The Prime Minister, Justin Trudeau, today announced the reappointment of Dr. Mona Nemer as Canada’s Chief Science Advisor for a term of two years. Dr. Nemer’s reappointment is effective September 25, 2022.
Scientific research and expertise are essential to ensuring Canadians are well informed and the government has the necessary tools to address the most pressing issues we face as a country. As Chief Science Advisor, Dr. Nemer will continue to provide impartial scientific advice to the Prime Minister, the Minister of Innovation, Science and Industry, and Cabinet so that science is considered in public policy decisions and that government science is fully available to Canadians.
A distinguished medical researcher in the field of molecular cardiology, Dr. Nemer has served as Canada’s Chief Science Advisor since 2017. Prior to this role, she was Professor and Vice-President of Research at the University of Ottawa and Director of the school’s Molecular Genetics and Cardiac Regeneration Laboratory. She has served on various national and international scientific advisory committees and boards, including Canada’s COVID-19 Immunity Task Force and COVID-19 Vaccine Task Force.
- Dr. Nemer was first appointed as Canada’s Chief Science Advisor in 2017, following an open, transparent, and merit-based selection process. She was reappointed to this role for a two-year term in 2020.
- The Office of the Chief Science Advisor is housed at Innovation, Science and Economic Development Canada.

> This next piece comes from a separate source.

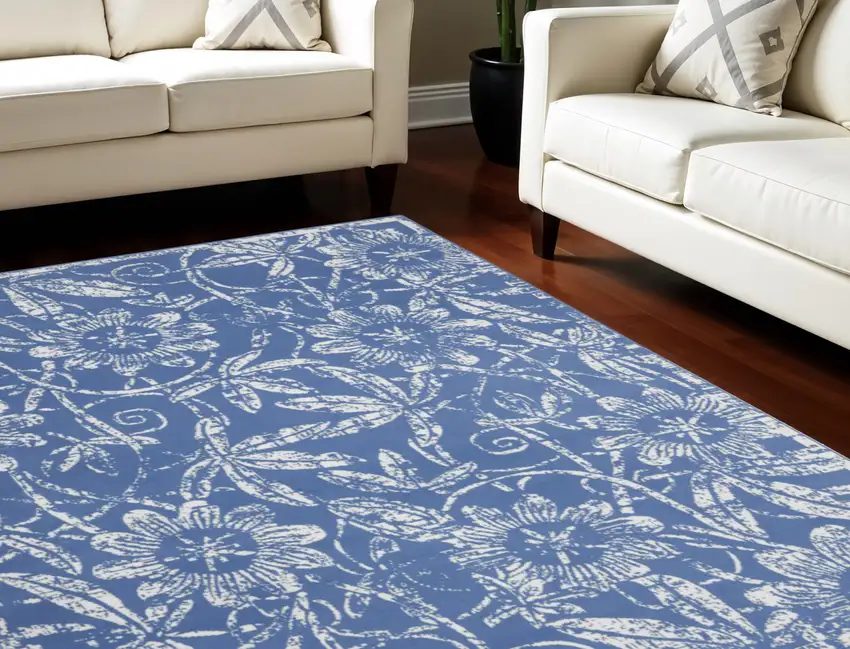 Ivory and Blue Floral Distressed Non Skid Area Rug Photo 1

- The Chief Science Advisor’s key functions include:
- providing advice on the development and implementation of guidelines to ensure that government science is fully available to the public and that federal scientists are able to speak freely about their work.
- providing advice on creating and implementing processes to ensure that scientific analyses are considered when the government makes decisions.
- assessing and recommending ways to improve the existing science advisory function within the federal government.
- assessing and recommending ways for the government to better support quality scientific research within the federal system.